Both actions conflict the “scared for my life” defense.

Despite video evidence, one juror simply refused to convict. On Friday, the unidentified holdout sent a note to the judge, stating, “We all struggle with the death of a man. My heart does not want to have to tell the Scott family that the man who killed their son, brother and father is innocent. But with choices, I cannot and will not change my mind.”

Local prosecutors vowed to try Slager again, but the sting of justice delayed is all too often the precursor for justice denied. And while this case directly impacts Charleston, it is also another reminder that the system, as a whole does not protect us in life or death.

Through it all, we continue to have faith. Evidence be damned that this system isn’t for us, some of us maintain undeniable, unshakable faith in a better tomorrow.

Tomorrow is not coming. For centuries and countless Black lives, tomorrow is not coming. Tomorrow did not come for Tamir Rice. Or Alton Sterling. Or Eric Garner. Or Korryn Gaines. Or Sandra Bland. And it would not have come for Walter Scott, who almost certainly would’ve been arrested for owing back child support, which presents a host of additional hurdles for an aging man to jump over.

Still, in an ideal world, we’d be talking about Walter Scott in regards to how the legal system can be economically crippling for Black men. Arrest records do not bode well during a job search. But dead men cannot work at all.

Tomorrow is not coming. Earth is hell and the idea of heaven is a hustle. The choices are a rock and a hard place. We can be asphyxiated by pessimism or continue to be heartbroken by misplaced optimism. Both are insufficient, reactionary and lead to a slow, painful demise.

What we are doing isn’t working. What we have asked for doesn’t provide a means for justice. Body cameras and bystander video don’t prevent police from brutalizing or killing Black people. It just provides crude footage of one’s final moments on earth. All of the consent decrees and Department of Justice reports do not prevent rogue officers from terrorizing us and making the most minor incidents punishable by the maximum penalty of death. And in the rare case that a police officer be tried by a jury of his or her peers for shooting an unarmed Black man or woman, none of what we’ve asked for prevents a jury that walks into a deliberation room and refuses to believe their lying eyes over the discredited word of a lying cop.

Tomorrow is not coming. The pretense of protection we have under Obama’s America, the America that gave us Walter Scott, will all but evaporate under president-elect Trump. Though Slager is likely to still face a federal trial in Scott’s death, police are already gearing up for more leeway in the coming “law and order” era.

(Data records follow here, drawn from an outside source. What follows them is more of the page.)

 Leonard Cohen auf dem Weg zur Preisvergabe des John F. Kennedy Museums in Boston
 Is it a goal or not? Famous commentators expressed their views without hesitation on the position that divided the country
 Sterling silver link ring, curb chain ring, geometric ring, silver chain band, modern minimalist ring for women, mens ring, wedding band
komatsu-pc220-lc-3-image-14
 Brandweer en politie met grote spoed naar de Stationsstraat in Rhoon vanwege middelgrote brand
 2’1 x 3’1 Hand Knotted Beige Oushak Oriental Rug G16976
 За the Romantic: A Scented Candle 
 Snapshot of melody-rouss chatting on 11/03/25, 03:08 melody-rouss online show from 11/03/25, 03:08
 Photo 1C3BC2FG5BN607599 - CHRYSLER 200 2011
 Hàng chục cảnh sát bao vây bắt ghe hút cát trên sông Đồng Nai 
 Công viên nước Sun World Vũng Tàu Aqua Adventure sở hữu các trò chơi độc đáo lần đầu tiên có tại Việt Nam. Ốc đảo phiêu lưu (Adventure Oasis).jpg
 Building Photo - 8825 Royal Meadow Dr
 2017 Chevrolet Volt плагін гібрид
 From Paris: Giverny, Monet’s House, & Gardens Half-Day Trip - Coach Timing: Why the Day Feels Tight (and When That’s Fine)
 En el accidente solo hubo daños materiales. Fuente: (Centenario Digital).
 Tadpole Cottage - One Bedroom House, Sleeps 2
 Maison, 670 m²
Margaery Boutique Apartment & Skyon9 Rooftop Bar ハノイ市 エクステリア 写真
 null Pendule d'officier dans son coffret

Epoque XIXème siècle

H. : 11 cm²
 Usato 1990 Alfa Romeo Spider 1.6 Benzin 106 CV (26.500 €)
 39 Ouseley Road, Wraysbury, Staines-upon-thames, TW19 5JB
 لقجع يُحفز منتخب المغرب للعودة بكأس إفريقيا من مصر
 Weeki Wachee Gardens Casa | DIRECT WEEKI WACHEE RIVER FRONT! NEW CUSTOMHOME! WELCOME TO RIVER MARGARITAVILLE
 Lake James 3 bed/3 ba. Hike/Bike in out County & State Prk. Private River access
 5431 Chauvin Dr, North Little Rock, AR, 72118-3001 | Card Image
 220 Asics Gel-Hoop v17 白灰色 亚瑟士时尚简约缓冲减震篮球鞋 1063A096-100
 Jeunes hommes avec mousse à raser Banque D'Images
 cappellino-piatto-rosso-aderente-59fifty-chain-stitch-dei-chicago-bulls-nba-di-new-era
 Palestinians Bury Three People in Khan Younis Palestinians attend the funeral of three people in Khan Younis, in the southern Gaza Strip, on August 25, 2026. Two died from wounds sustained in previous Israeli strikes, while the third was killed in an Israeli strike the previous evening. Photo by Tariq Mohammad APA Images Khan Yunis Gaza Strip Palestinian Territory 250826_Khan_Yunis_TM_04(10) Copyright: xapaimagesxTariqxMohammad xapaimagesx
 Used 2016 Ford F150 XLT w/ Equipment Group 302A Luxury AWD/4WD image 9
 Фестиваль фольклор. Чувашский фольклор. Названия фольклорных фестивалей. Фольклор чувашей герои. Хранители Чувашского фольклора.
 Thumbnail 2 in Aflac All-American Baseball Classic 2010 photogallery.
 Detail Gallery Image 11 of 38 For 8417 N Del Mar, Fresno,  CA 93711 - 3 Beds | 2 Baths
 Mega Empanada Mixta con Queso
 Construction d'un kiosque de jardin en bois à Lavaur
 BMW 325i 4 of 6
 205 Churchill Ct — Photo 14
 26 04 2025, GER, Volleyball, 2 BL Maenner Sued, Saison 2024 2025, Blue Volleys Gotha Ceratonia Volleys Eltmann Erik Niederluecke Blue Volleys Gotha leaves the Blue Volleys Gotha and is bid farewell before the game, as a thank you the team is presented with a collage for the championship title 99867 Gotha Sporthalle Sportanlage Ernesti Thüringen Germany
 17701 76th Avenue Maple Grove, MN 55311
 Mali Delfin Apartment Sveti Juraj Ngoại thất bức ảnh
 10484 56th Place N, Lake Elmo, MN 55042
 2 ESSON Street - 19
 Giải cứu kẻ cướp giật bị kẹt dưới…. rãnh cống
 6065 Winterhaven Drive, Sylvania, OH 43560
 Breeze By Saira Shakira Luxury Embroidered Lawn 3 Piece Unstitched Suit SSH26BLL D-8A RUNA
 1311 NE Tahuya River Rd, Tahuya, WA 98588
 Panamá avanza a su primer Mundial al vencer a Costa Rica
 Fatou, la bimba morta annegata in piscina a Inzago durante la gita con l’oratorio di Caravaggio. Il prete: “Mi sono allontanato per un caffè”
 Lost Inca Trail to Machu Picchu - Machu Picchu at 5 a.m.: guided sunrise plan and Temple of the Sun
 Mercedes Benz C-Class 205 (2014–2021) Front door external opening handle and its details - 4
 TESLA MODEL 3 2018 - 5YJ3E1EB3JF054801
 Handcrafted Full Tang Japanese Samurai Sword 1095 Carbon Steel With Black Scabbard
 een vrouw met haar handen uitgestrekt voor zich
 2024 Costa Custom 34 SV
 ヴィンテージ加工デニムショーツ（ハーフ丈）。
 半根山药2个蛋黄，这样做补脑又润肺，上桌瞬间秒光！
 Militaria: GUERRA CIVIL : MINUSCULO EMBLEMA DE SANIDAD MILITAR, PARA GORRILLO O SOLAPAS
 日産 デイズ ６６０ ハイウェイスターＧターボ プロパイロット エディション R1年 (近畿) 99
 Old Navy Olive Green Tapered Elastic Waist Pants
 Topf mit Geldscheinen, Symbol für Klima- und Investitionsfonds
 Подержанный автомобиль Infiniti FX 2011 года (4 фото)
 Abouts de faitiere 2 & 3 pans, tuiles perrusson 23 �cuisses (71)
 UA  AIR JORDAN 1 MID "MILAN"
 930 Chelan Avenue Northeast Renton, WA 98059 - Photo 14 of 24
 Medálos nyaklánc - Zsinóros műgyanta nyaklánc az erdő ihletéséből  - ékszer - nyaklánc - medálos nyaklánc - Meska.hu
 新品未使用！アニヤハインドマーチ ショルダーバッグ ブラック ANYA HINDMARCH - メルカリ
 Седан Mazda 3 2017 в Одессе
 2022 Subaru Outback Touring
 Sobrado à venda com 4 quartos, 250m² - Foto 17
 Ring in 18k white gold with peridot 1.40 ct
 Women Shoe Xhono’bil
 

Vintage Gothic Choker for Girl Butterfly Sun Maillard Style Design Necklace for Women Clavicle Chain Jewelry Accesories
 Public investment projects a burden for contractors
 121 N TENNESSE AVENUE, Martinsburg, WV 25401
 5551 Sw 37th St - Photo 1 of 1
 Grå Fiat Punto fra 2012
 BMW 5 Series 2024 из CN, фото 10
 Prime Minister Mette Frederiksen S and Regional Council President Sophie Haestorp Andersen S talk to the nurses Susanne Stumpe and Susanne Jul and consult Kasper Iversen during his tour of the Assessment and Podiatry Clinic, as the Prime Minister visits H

“It makes a difference knowing you’re not going to have the (U.S.) Department of Justice breathing down your neck and watching everything you do as a police officer or as an agency,” Las Vegas Metropolitan Police Department Sheriff Doug Lombardo said following the election. “I think it has a direct effect whether officers are proactive or not.”

Tomorrow is not coming. For that, we should be angry. We are entitled to be angry. We should be angry for Walter Scott. Angry at a system that repeatedly denies us humanity and angry at anyone who pretends we are fully equal and human under the law.

I don’t pretend to know the solutions. As police continue to escape judicial accountability, the reality is there may not be a solution. Running and respectability haven’t saved our lives. There hasn’t been a victim perfect enough to receive justice in death.

To quote Walter Scott’s mother, “it’s not over.” But the way forward is a little more murky than it was a week ago. New solutions will come.

But on this day, we should all be angry at a tomorrow that’s not coming.